> _INPUT MATERIAL_:
§ §

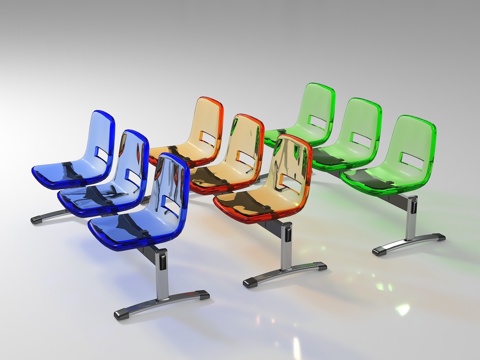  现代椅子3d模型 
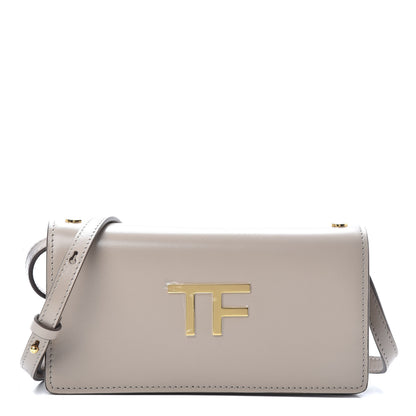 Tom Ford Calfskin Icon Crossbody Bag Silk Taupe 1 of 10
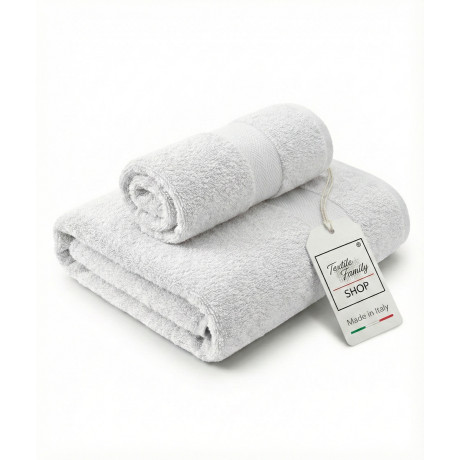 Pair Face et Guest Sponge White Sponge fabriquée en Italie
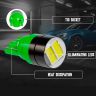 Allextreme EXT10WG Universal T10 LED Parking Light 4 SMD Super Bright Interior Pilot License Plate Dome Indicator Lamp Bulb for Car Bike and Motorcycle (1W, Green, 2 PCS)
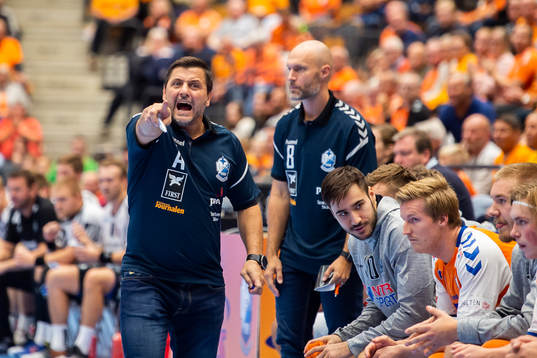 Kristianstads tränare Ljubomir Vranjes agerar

§ §

> _WHAT YOU WILL DO_: Take the listing and print it again exactly, but without any pictures.

> _WRITTEN SOLUTION_:
  现代椅子3d模型 
 Tom Ford Calfskin Icon Crossbody Bag Silk Taupe 1 of 10
 Pair Face et Guest Sponge White Sponge fabriquée en Italie
 Allextreme EXT10WG Universal T10 LED Parking Light 4 SMD Super Bright Interior Pilot License Plate Dome Indicator Lamp Bulb for Car Bike and Motorcycle (1W, Green, 2 PCS)
 Kristianstads tränare Ljubomir Vranjes agerar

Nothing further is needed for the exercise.